From 4429d372d0586808dd651fc336b29cc405cfb09c Mon Sep 17 00:00:00 2001
From: Ian Goodfellow <goodfellow@google.com>
Date: Tue, 27 Nov 2018 06:29:05 -0800
Subject: [PATCH] Fix bugs in SPSA early stopping (#906)

* tweak doc

* add to documentation of early_stop_loss_threshold

* more detail to doc

* fix bugs in early stopping

* Update cleverhans/attacks_tf.py

Co-Authored-By: goodfeli <goodfellow@google.com>
---
 cleverhans/attacks/__init__.py | 42 +++++++++++++++++++++++-----------
 cleverhans/attacks_tf.py       |  4 ++--
 2 files changed, 31 insertions(+), 15 deletions(-)

diff --git a/cleverhans/attacks/__init__.py b/cleverhans/attacks/__init__.py
index 11b53c724..cd7faa055 100644
--- a/cleverhans/attacks/__init__.py
+++ b/cleverhans/attacks/__init__.py
@@ -2593,9 +2593,17 @@ def projected_optimization(loss_fn,
     :param project_perturbation: A function, which will be used to enforce
                                  some constraint. It should have the same
                                  signature as `_project_perturbation`.
-    :param early_stop_loss_threshold: A float or None. If specified, the
-                                      attack will end if the loss is below
-                                      `early_stop_loss_threshold`.
+    :param early_stop_loss_threshold: A float or None. If specified, the attack will end if the loss is below
+       `early_stop_loss_threshold`.
+        Enabling this option can have several different effects:
+          - Setting the threshold to 0. guarantees that if a successful attack is found, it is returned.
+            This increases the attack success rate, because without early stopping the optimizer can accidentally
+            bounce back to a point where the attack fails.
+          - Early stopping can make the attack run faster because it may run for fewer steps.
+          - Early stopping can make the attack run slower because the loss must be calculated at each step.
+            The loss is not calculated as part of the normal SPSA optimization procedure.
+            For most reasonable choices of hyperparameters, early stopping makes the attack much faster because
+            it decreases the number of steps dramatically.
     :param is_debug: A bool.
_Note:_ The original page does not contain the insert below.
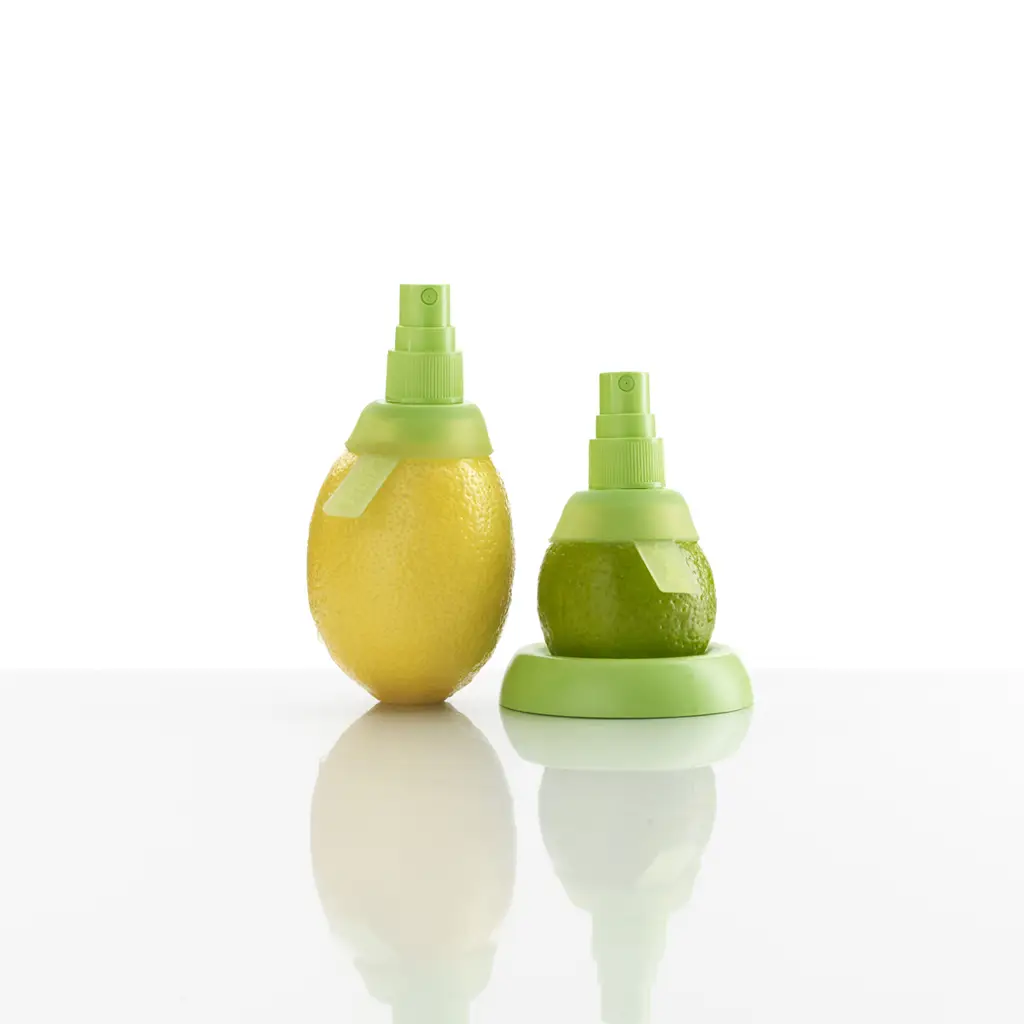 Zdjęcie produktu - 4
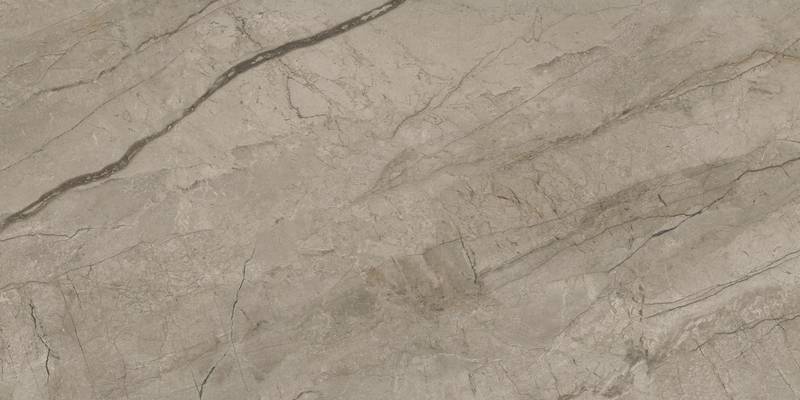 Керамогранит Forte Dei Marmi Mystic G. Rett 60x120 Cer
If True, print debug info for attack progress.
 
   Returns:
@@ -2635,20 +2643,28 @@ def wrapped_loss_fn(x):
 
     new_perturbation_list, new_optim_state = optimizer.minimize(
         wrapped_loss_fn, [perturbation], optim_state)
-    loss = reduce_mean(wrapped_loss_fn(perturbation), axis=0)
-    if is_debug:
-      with tf.device("/cpu:0"):
-        loss = tf.Print(loss, [loss], "Total batch loss")
     projected_perturbation = project_perturbation(new_perturbation_list[0],
                                                   epsilon, input_image,
                                                   clip_min=clip_min,
                                                   clip_max=clip_max)
-    with tf.control_dependencies([loss]):
-      i = tf.identity(i)
-      if early_stop_loss_threshold:
-        i = tf.cond(
-            tf.less(loss, early_stop_loss_threshold),
-            lambda: float(num_steps), lambda: i)
+
+    # Be careful with this bool. A value of 0. is a valid threshold but evaluates to False, so we must explicitly
+    # check whether the value is None.
+    early_stop = early_stop_loss_threshold is not None
+    compute_loss = is_debug or early_stop
+    # Don't waste time building the loss graph if we're not going to use it
+    if compute_loss:
+      # NOTE: this step is not actually redundant with the optimizer step.
+      # SPSA calculates the loss at randomly perturbed points but doesn't calculate the loss at the current point.
+      loss = reduce_mean(wrapped_loss_fn(projected_perturbation), axis=0)
+
+      if is_debug:
+        with tf.device("/cpu:0"):
+          loss = tf.Print(loss, [loss], "Total batch loss")
+
+      if early_stop:
+        i = tf.cond(tf.less(loss, early_stop_loss_threshold), lambda: float(num_steps), lambda: i)
+
     return i + 1, projected_perturbation, nest.flatten(new_optim_state)
 
   def cond(i, *_):
diff --git a/cleverhans/attacks_tf.py b/cleverhans/attacks_tf.py
index b41c90550..a7a7b5aed 100644
--- a/cleverhans/attacks_tf.py
+++ b/cleverhans/attacks_tf.py
@@ -1485,8 +1485,8 @@ class TensorOptimizer(object):
   behaviors when being assigned multiple times within a single sess.run()
   call, particularly in Distributed TF, so this avoids thinking about those
   issues. These are helper classes for the `projected_optimization`
-  method. Apart from not using Variables, they follow the same interface as
-  tf.Optimizer.
+  method. Apart from not using Variables, they follow an interface very
+  similar to tf.Optimizer.
   """
 
   def _compute_gradients(self, loss_fn, x, unused_optim_state):